Stahle-Fraser believes the installation will give the Native Studies program positive exposure both internally and with the general public as it invites visitors to learn about another culture and their world-view.
Painting the columns had its own challenges because painting on a circular object is quite different than a flat canvas. There needed to be planning because the art will be seen 360 degrees around.
Lyn Russell, a fine arts student who contributed to the piece, admits that in the beginning everyone was a bit apprehensive because they were unfamiliar with each other and none of the students had attempted to create an installation piece before.
As the weeks leading up to the unveiling of our project progressed, Russell now feels the class has become a unit by making suggestions and helping each other.

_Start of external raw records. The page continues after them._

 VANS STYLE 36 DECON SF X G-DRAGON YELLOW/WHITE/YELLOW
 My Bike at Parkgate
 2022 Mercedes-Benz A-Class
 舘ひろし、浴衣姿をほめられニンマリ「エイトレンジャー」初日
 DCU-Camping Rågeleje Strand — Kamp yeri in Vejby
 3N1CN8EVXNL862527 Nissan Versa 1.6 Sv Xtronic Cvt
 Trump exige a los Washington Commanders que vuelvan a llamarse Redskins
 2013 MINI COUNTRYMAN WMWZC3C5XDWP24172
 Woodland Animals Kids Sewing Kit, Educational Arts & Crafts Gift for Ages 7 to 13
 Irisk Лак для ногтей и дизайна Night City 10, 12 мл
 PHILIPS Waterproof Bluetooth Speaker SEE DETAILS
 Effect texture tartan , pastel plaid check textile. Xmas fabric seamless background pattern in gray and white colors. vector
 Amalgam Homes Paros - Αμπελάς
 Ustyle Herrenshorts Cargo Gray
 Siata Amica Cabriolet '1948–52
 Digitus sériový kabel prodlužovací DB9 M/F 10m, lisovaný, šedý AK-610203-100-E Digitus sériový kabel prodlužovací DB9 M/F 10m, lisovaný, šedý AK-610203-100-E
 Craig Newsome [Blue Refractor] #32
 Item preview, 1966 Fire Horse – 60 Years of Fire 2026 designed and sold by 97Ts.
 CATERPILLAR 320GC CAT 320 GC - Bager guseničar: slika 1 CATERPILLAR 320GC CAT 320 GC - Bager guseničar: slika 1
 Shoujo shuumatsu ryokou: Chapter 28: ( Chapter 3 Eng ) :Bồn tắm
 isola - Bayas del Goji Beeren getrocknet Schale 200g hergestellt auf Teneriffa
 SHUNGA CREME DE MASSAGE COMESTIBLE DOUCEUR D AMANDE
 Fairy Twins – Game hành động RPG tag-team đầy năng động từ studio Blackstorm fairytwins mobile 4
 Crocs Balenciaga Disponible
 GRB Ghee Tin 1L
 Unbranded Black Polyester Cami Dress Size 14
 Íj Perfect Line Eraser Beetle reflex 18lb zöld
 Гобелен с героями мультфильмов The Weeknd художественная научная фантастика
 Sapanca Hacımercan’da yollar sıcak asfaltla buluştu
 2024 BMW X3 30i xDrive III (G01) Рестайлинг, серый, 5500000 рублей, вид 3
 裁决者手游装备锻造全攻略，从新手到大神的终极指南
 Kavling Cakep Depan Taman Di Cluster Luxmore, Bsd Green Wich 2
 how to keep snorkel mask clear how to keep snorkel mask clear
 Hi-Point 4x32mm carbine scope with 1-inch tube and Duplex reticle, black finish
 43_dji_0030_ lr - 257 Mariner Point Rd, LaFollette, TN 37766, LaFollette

“There was a lot of learning in this project, from working together, the entire process of creating as well researching,” says Russell. “We are all learning from each others' research and appreciating each other, as well as the traditions, history and art of the First Nations People. It’s really a fun and exciting way to learn.”
“Personally I have raised the bar for myself. Aside from a plaster mask, I have never created anything three-dimensional or this large before. I’m a two-dimensional artist so this is a new way of thinking and processing for me, it has been both challenging and rewarding.As this project unified us, I hope it will help unify others as they see our finished installation and our interpretation of creation and the sky woman story. This project will help others appreciate alternative beliefs and perhaps in doing so we can all stand side by side with mutual respect.”
The installation run until the end of April 2015 and will then be moved for a show at the Huntsville Summit Centre titled Our Home on Native Land organized by Huntsville Arts and Culture taking place mid- May to mid- August.